**RECORDS FOR THE EXERCISE:**
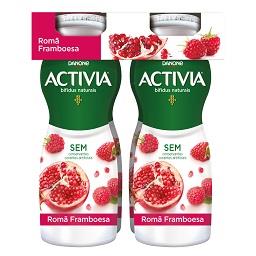 Imagem do produto Activia líquido framboesa e romã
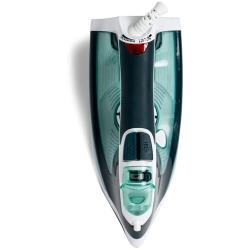 Утюг JACOO JIS-1260 мощный паровой удар, защита от накипи, сухая глажка, функция разбрызгивания, керамическая подошва, мощность 2600 Вт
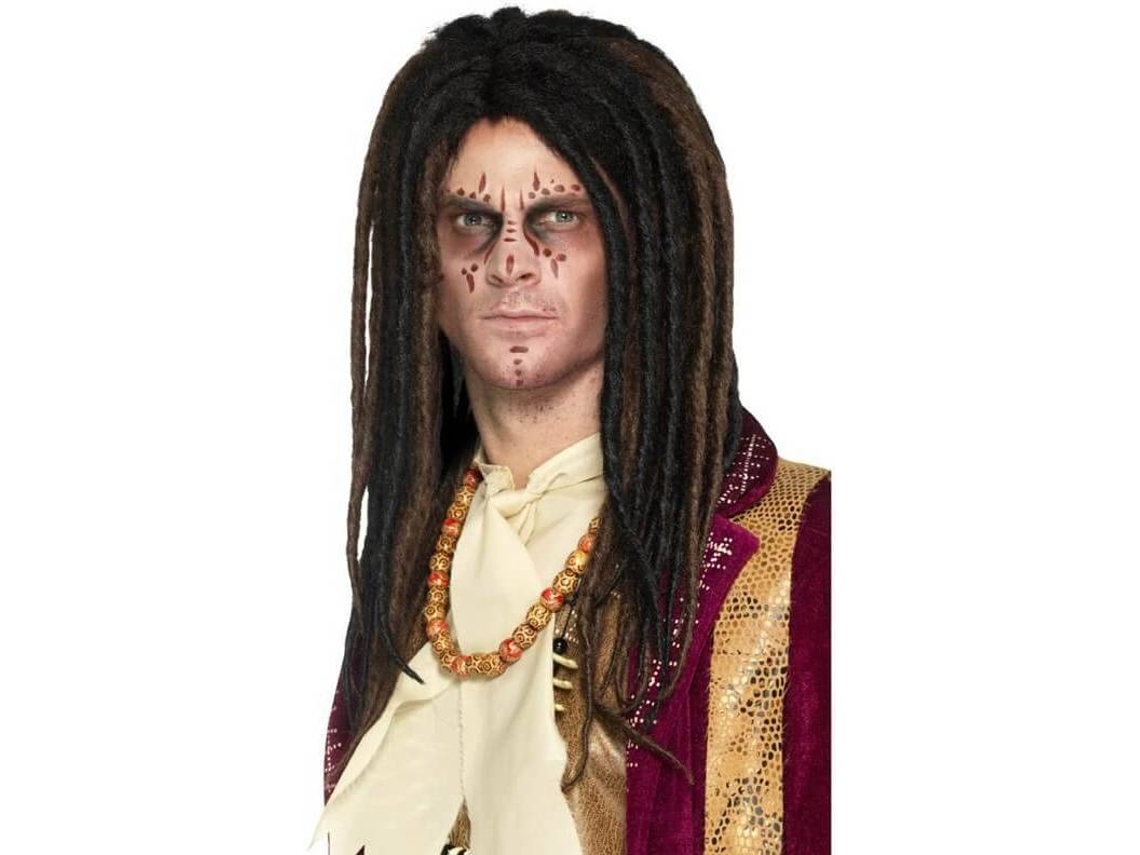 Peluca DISFRAZZES Brujo Halloween (Talla: Talla Universal)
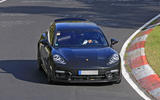 2017 Porsche Panamera Sport Turismo spotted at the Nüburgring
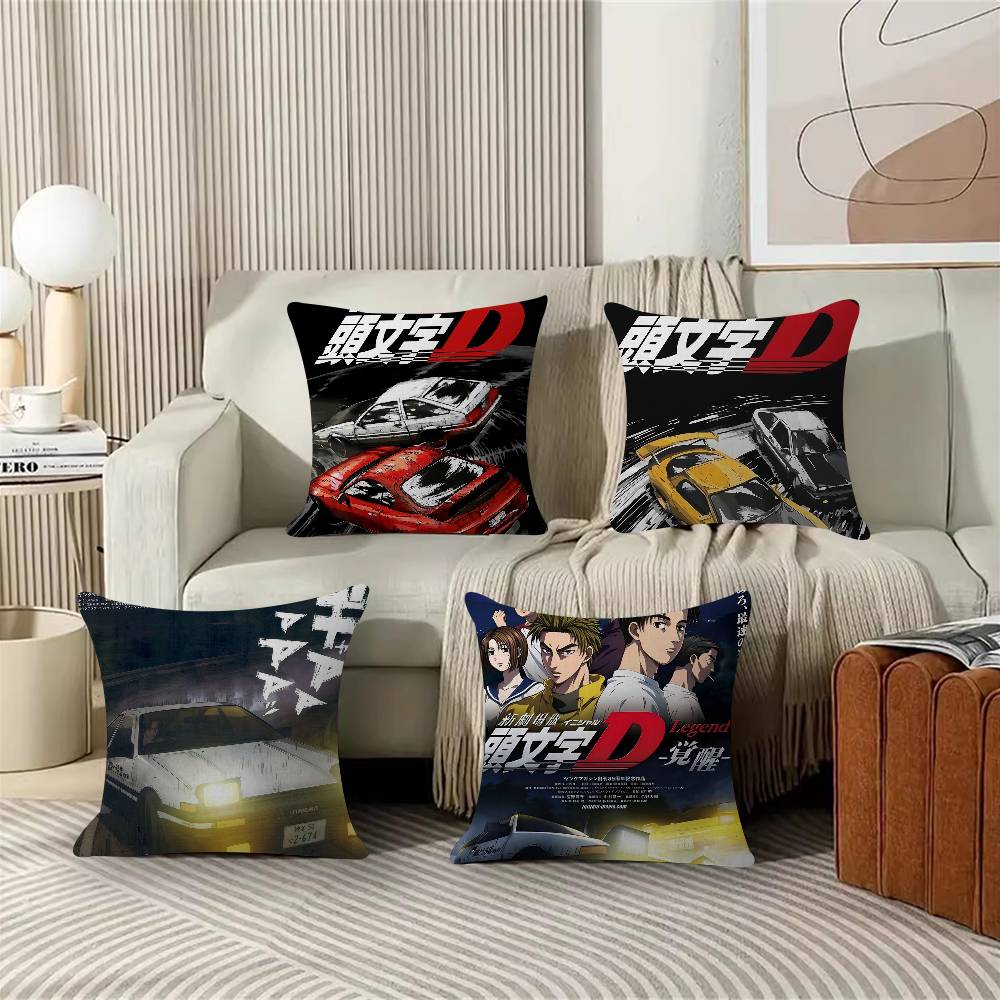 Initial D Anime Pillowcases Home Bedding Decorative Pillow Cover Wedding Super Soft Pillow Case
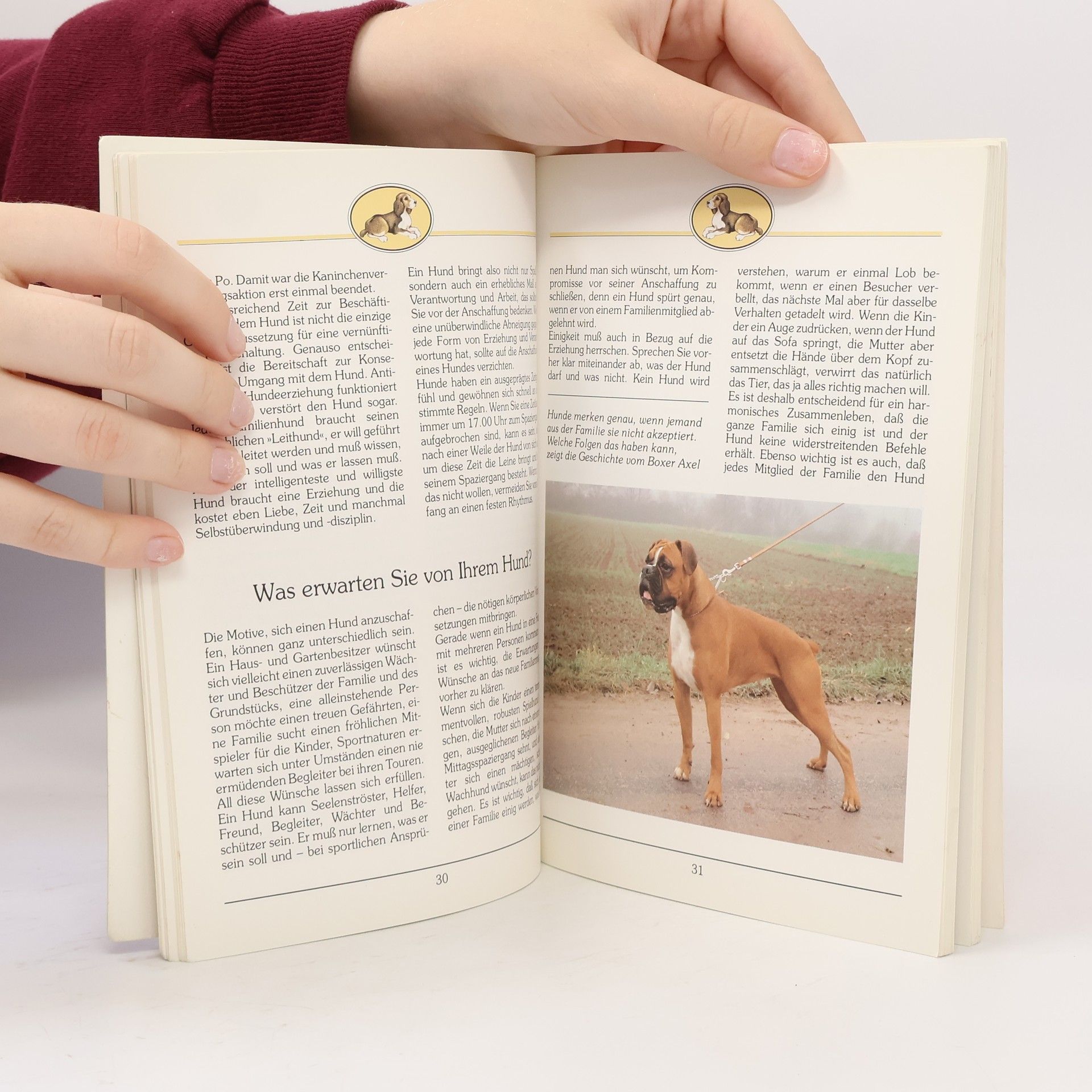 Johannes Werner Der Hund in der Familie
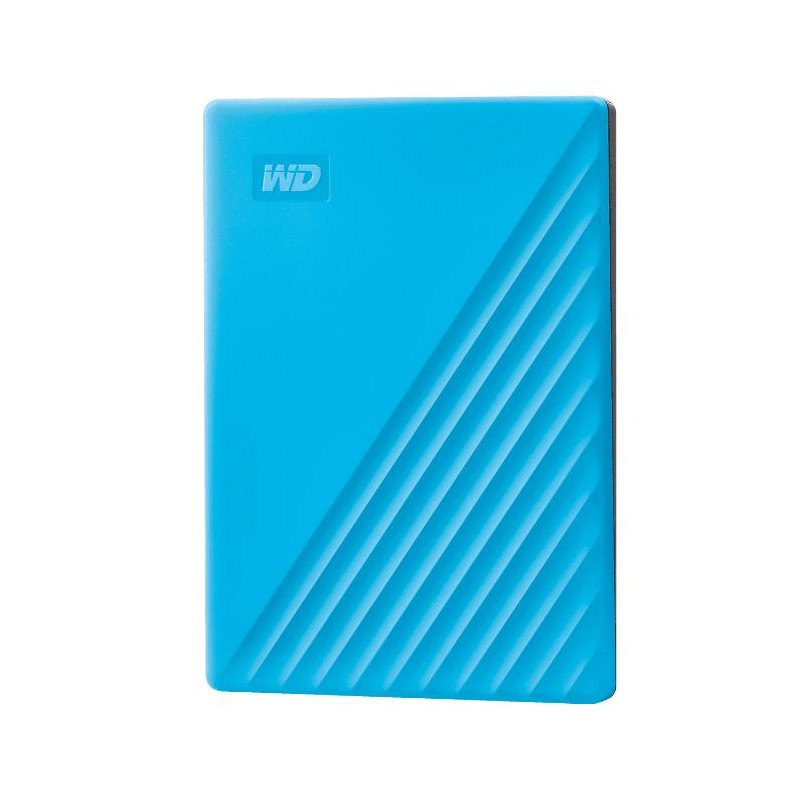 HARD DISK 4 TB ESTERNO MY PASSPORT USB 3.0 2,5' BLU (WDBPKJ0040BBL-WESN)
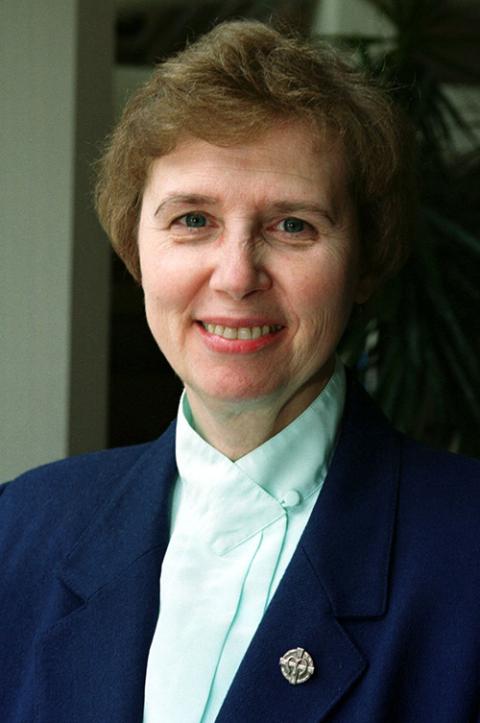 Sr. Jeannine Gramick in the 1990s (CNS/Nancy Wiechec)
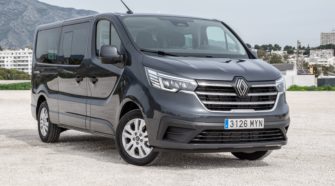 RENAULT Trafic  Equilibre Largo 9 PLAZAS EDC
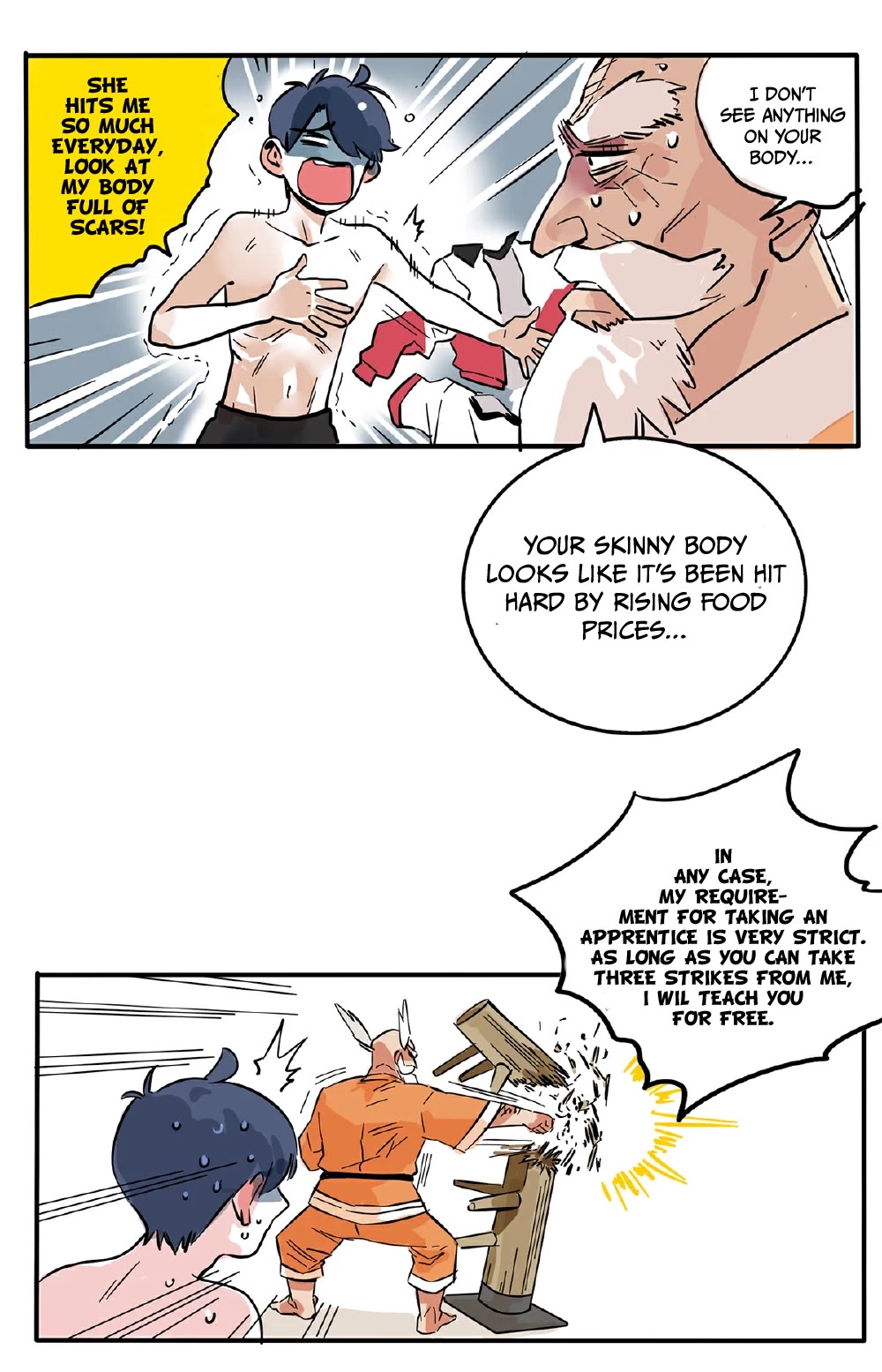 Please Take My Brother Away! chapter 115 page 12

**TASK DESCRIPTION:** What should come back is an exact copy of the lines above from the line with "2017 Porsche Panamera" to the line with "9 PLAZAS EDC", both included, minus the pictures.

**SOLVED PROBLEM:**
 2017 Porsche Panamera Sport Turismo spotted at the Nüburgring
 Initial D Anime Pillowcases Home Bedding Decorative Pillow Cover Wedding Super Soft Pillow Case
 Johannes Werner Der Hund in der Familie
 HARD DISK 4 TB ESTERNO MY PASSPORT USB 3.0 2,5' BLU (WDBPKJ0040BBL-WESN)
 Sr. Jeannine Gramick in the 1990s (CNS/Nancy Wiechec)
 RENAULT Trafic  Equilibre Largo 9 PLAZAS EDC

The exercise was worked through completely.